“Cookie not diet because Cookie is lifestyle. Also because cookie not very good diet”
— Cookie Monster
It is not very often that we can take our marketing advice from Cookie Monster, my favourite Sesame Street character. Unfortunately, marketers became very hooked on a cookie-led diet of marketing.
First, What Are Cookies?
Cookies are files that store pieces of data to identify website visitors. Marketers crave this information as it allows them to curate data about an unknown web visitor.
The benefit posed to website users is that it will improve the experience on those websites.
If I know you tend to frequent information about healthcare products, I can assume that you are in fact from a healthcare provider and thus the website can offer up additional content that will be more relevant to you.
The cookie allows the marketer to understand usage and behaviour, and in exchange, the visitor should get a better experience.
But there are also varying types of cookies — which plays nicely with the culinary cookie analogy.
First-party cookies, for example, are cookies that you accept when you’re on a website for that website’s use only — you have probably accepted one on the ON24 website.

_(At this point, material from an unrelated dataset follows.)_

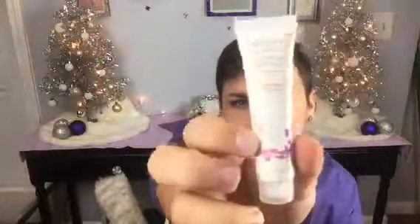Then I got this face mask. I like these — I haven't done one in a while, so I'm going to use that.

Third-party cookies, by contrast, are cookies gathered for use in multiple purposes and across websites. These cookies allow companies to track your behaviour across the web-based on advertising.
Okay, What Is Happening With B2B Marketers Cookies?
As much as people love cookies — both the treat and the tech — marketers need to prepare for a cookieless future.
That’s because big players in the technology industry are starting to move away from cookies and towards a more privacy-centric internet experience.
For example, Google announced in 2020 that it intends to remove third-party cookies in Google Chrome by 2022.
The concern over cookies has grown in recent months after Google announced that they wouldn’t be building a Cookie-replacement, but phasing out the way to track individuals across websites.
In sum: third-party cookies are going in the trash. All of the innovations out of this come in the name of consumer privacy and the demands of a future on digital media that is privacy-compliant.
How do marketers prepare?
Easy: do everything and nothing at all.
If you’re a marketer that has programs fuelled by third-party data you’ve most certainly set up plans for the cookie crumbling.
However, if like most B2B marketers, you don’t have a marketing plan that is over-rotated against requiring this data — then you shouldn’t have any alarms going off.
Still, there are things that need to be considered.
Data privacy and compliance continue to be a trend for marketers. In recent years we’ve had our hands full with various regulations, including GDPR.
But, more importantly, first-party cookies remain and understanding your website visitors’ behaviour is critical. Just like understanding and acting on other first-party data signals that marketers are capturing.
So, there’s no need to throw out all your cookie recipes right now. Just keep Cookie Monster’s thoughts in mind and make sure your marketing mix is well balanced with a healthy mix of data sources.